This engrossing film looks at the little known world of the International Gay Rodeo Association, which was conceived 30 years ago. It’s a parallel universe to traditional “straight” rodeo where competitors are just as talented, determined, and committed but also allowed to be open about their sexual orientation. Queens busts the stereotype of the American cowboy, establishing that it’s a way of life rather than a lifestyle.
What difficulties did you encounter while making this film?

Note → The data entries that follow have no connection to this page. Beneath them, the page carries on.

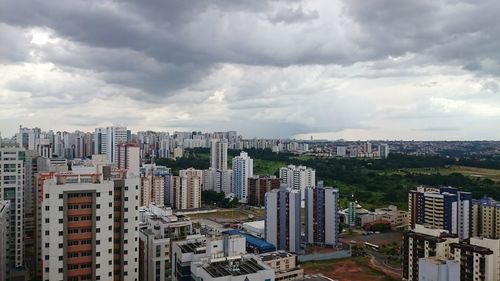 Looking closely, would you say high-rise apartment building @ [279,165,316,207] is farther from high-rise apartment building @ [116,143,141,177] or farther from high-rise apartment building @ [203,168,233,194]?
high-rise apartment building @ [116,143,141,177]

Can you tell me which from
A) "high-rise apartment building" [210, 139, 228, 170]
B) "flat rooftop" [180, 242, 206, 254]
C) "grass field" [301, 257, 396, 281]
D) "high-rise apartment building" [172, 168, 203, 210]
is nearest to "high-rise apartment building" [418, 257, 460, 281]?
"flat rooftop" [180, 242, 206, 254]

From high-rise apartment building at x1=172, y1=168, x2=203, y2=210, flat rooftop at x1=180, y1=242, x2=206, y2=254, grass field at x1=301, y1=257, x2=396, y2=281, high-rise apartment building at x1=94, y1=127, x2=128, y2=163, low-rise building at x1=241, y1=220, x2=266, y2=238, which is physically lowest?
grass field at x1=301, y1=257, x2=396, y2=281

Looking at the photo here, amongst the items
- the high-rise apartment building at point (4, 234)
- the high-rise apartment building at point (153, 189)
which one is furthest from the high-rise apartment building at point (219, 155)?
the high-rise apartment building at point (4, 234)

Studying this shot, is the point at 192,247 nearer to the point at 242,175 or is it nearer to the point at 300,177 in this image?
the point at 300,177

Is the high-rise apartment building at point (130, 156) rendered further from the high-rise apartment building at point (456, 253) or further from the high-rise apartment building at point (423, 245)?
the high-rise apartment building at point (456, 253)

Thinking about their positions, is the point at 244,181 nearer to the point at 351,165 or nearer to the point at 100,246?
the point at 351,165

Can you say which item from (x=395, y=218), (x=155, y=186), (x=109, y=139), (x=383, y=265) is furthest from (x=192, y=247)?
(x=109, y=139)

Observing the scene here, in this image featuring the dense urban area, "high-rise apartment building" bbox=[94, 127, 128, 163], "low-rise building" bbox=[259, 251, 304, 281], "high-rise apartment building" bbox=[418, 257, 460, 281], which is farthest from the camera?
"high-rise apartment building" bbox=[94, 127, 128, 163] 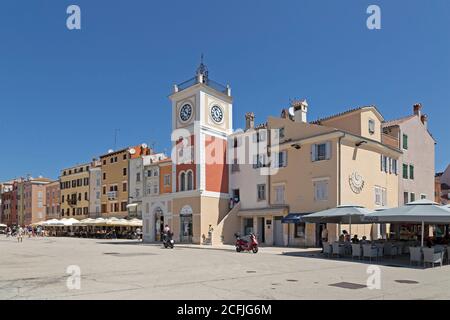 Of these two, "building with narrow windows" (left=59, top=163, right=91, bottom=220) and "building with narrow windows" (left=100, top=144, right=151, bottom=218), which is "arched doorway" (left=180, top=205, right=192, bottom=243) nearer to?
"building with narrow windows" (left=100, top=144, right=151, bottom=218)

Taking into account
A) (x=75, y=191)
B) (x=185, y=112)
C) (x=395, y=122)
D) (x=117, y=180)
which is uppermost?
(x=185, y=112)

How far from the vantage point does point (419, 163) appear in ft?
130

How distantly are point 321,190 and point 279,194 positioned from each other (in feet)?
14.4

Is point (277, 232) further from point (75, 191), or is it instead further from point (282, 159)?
point (75, 191)

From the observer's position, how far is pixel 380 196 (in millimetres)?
33500

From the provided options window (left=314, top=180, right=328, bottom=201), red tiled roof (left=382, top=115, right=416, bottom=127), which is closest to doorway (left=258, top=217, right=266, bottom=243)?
window (left=314, top=180, right=328, bottom=201)

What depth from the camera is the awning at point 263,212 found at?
1307 inches

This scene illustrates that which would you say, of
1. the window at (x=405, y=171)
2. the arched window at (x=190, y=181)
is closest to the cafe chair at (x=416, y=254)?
the window at (x=405, y=171)

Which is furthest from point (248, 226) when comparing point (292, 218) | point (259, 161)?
point (292, 218)

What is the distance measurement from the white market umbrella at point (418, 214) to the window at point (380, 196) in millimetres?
14032

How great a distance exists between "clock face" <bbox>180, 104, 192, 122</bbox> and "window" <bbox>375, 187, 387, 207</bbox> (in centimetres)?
1732

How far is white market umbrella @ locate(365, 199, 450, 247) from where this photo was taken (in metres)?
17.1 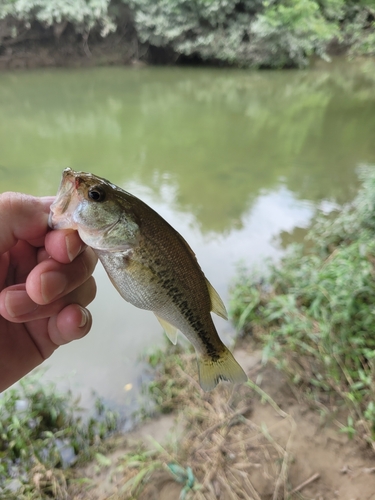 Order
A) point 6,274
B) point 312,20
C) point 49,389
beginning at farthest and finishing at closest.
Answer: point 312,20 < point 49,389 < point 6,274

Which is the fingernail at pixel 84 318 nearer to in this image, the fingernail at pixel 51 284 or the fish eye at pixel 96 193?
the fingernail at pixel 51 284

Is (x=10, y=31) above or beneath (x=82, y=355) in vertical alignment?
above

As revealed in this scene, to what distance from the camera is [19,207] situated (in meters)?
1.28

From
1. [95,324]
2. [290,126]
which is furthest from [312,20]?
[95,324]

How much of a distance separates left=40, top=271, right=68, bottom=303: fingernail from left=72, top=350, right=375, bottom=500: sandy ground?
5.10ft

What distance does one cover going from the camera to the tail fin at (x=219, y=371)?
146 centimetres

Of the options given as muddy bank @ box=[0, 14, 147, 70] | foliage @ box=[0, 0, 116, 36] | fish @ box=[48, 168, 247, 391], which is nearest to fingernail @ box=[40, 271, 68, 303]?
fish @ box=[48, 168, 247, 391]

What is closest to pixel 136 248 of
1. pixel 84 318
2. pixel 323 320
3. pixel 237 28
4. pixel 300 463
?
pixel 84 318

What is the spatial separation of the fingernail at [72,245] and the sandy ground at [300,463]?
1670 millimetres

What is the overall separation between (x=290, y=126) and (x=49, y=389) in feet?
30.9

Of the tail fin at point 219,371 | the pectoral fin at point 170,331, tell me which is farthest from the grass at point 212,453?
the pectoral fin at point 170,331

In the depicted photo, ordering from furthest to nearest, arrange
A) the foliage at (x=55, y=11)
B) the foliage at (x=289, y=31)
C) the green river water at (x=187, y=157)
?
1. the foliage at (x=289, y=31)
2. the foliage at (x=55, y=11)
3. the green river water at (x=187, y=157)

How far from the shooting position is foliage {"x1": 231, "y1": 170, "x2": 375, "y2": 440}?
2.56 metres

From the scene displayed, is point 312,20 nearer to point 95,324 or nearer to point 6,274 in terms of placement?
point 95,324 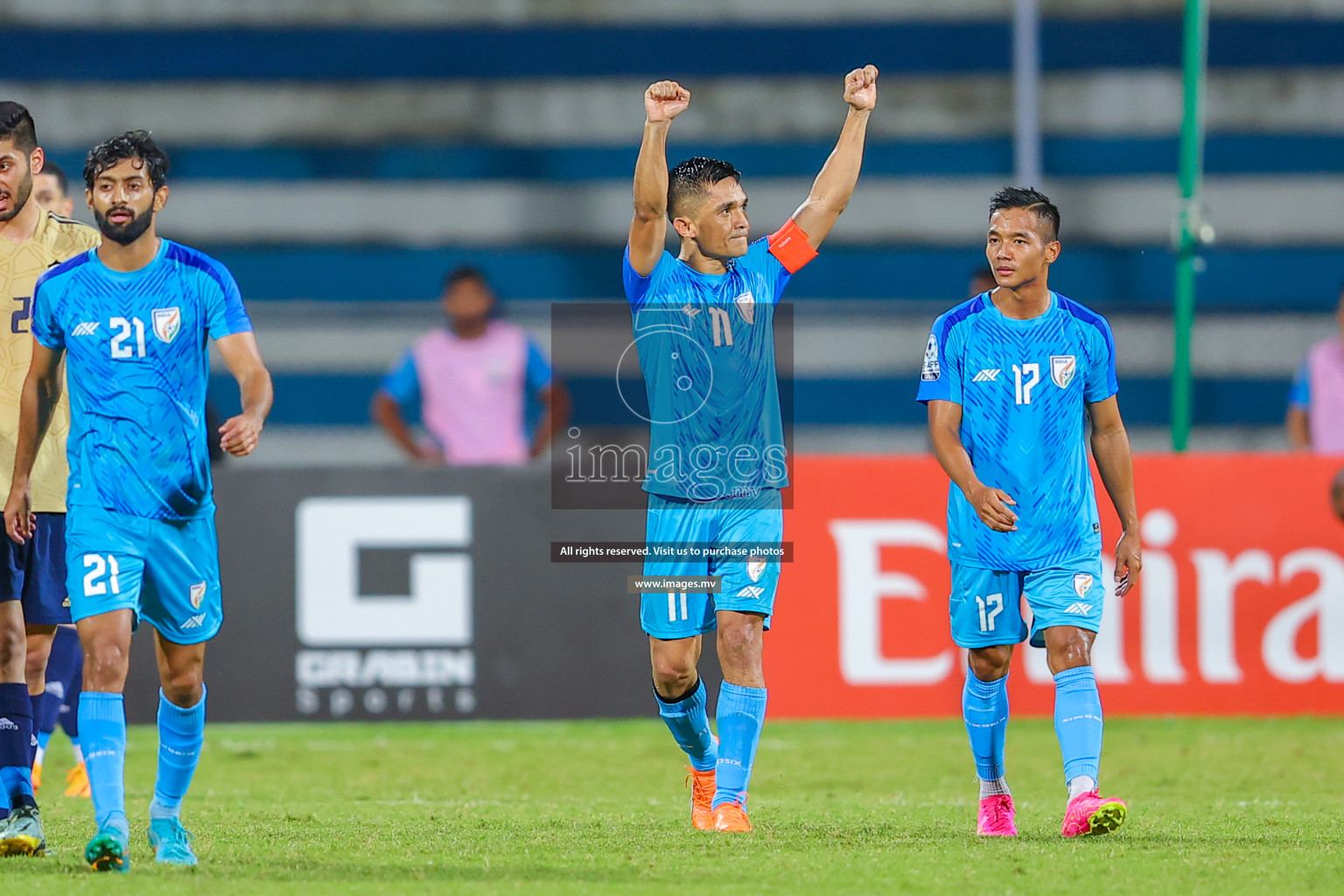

Where do I start? Many lessons were learned on this film and almost all of them the hard way. The hardest thing was definitely editing. The rodeos are so fun and so absolutely film-able that I would come home from rodeo weekends with more interviews and footage than I knew what to do with. In all, there’s about 800 hours of footage, which I can’t really believe. And for the most part I had to transcribe it into a binder first in order to even begin wrapping my head around it all. And on top of it, you have the literally hundreds of intimate interviews where real people are trusting you with their stories and praying that you represent their lives. The pressure mounted.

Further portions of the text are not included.